## Exercise
Produce exactly the lines from the one holding "大腿臀部腹部怎样减肥最快,减肚子腰臀部和大腿最快的方法" through the last line of the data below, with every picture left out.

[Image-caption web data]
★ ★ ★ ★ ★ ★ ★
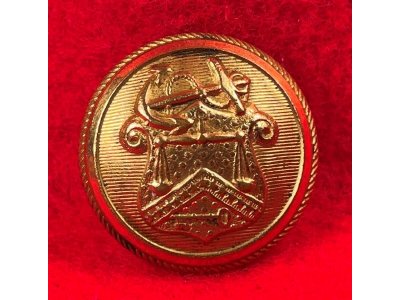 Federal Revenue Marine Coat Button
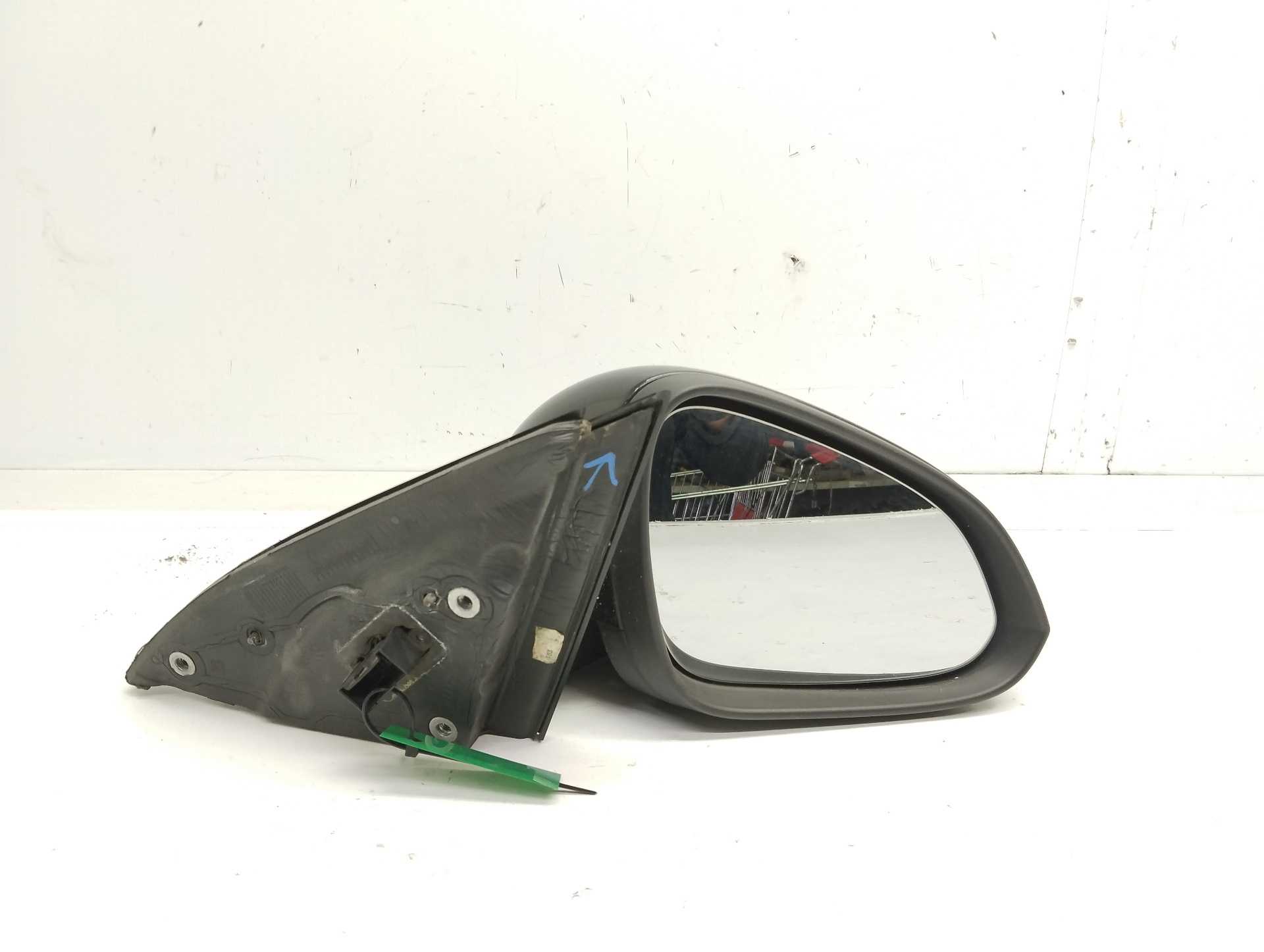 Recambio de retrovisor derecho para opel insignia berlina cosmo referencia OEM IAM E1021002  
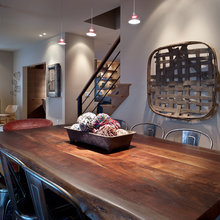 Dining Room Ideas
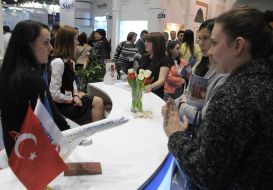 International Tourist Exhibition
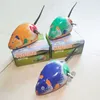 Kikker tank muis konijn bounce wind-up kinderen speelgoed klassieke vintage hit speelgoed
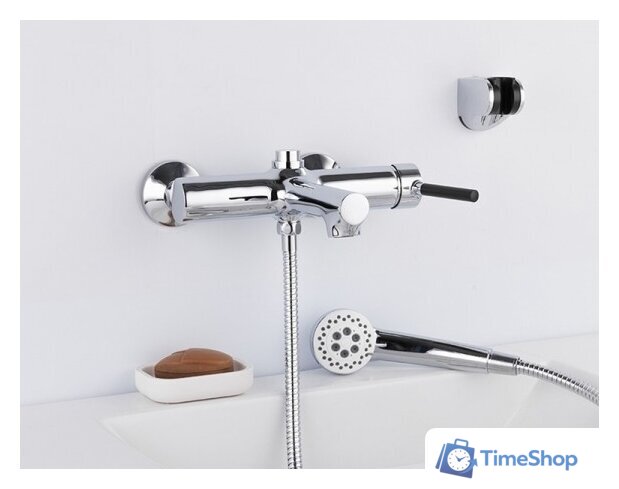 Смеситель FRAP H44 F3244 - Изображение №8 — Интернет-магазин Time-Shop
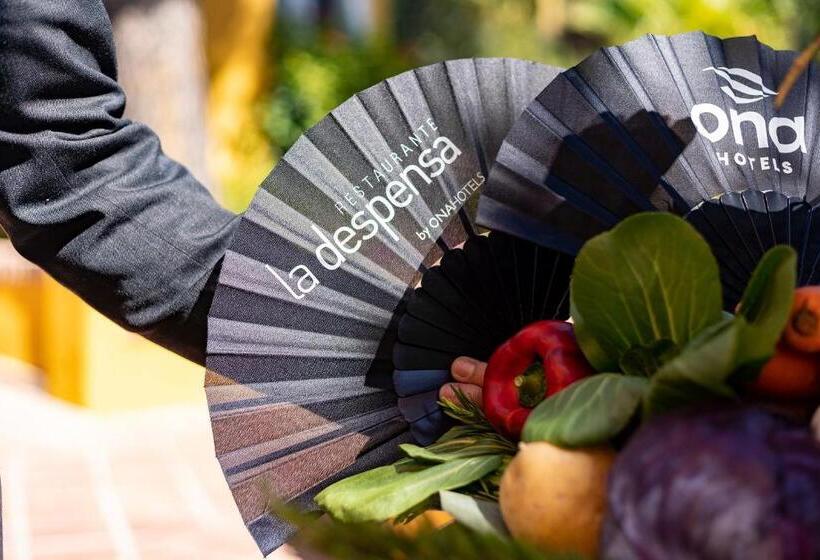 Ona Alanda Club Marbella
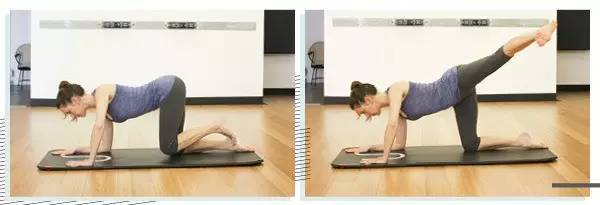 大腿臀部腹部怎样减肥最快,减肚子腰臀部和大腿最快的方法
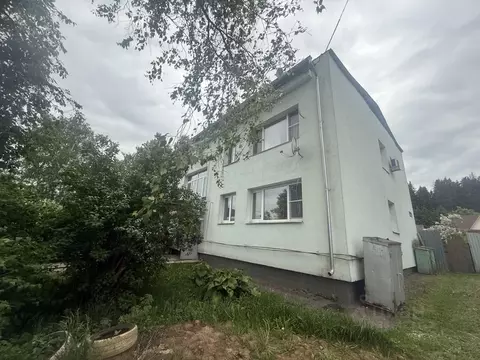 2-к кв. Московская область, Звенигород Одинцовский городской округ, ...
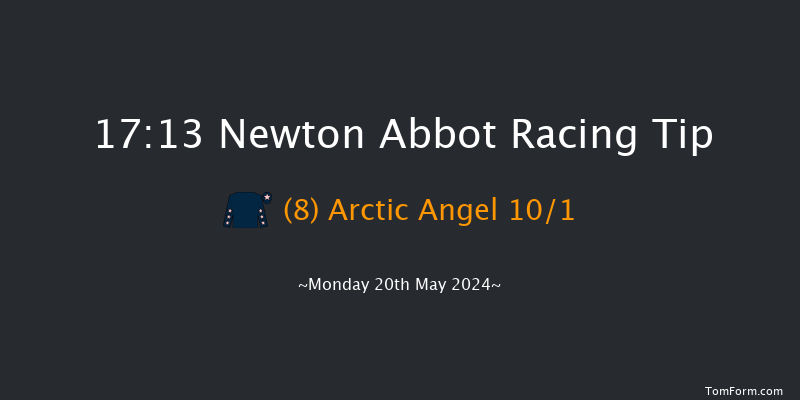 Newton Abbot  17:13 NH Flat Race (Class 4)
17f Sat 21st Oct 2023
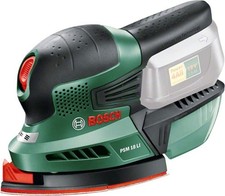 Bosch PSM 18 LI Akku Multischleifer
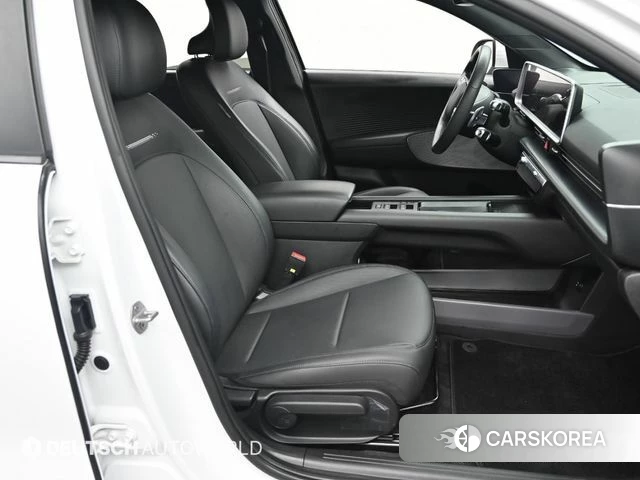 Hyundai Ionic 6 id 4330143 из Кореи 20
★ ★ ★ ★ ★ ★ ★
## Task output
 大腿臀部腹部怎样减肥最快,减肚子腰臀部和大腿最快的方法
 2-к кв. Московская область, Звенигород Одинцовский городской округ, ...
 Newton Abbot  17:13 NH Flat Race (Class 4)
17f Sat 21st Oct 2023
 Bosch PSM 18 LI Akku Multischleifer
 Hyundai Ionic 6 id 4330143 из Кореи 20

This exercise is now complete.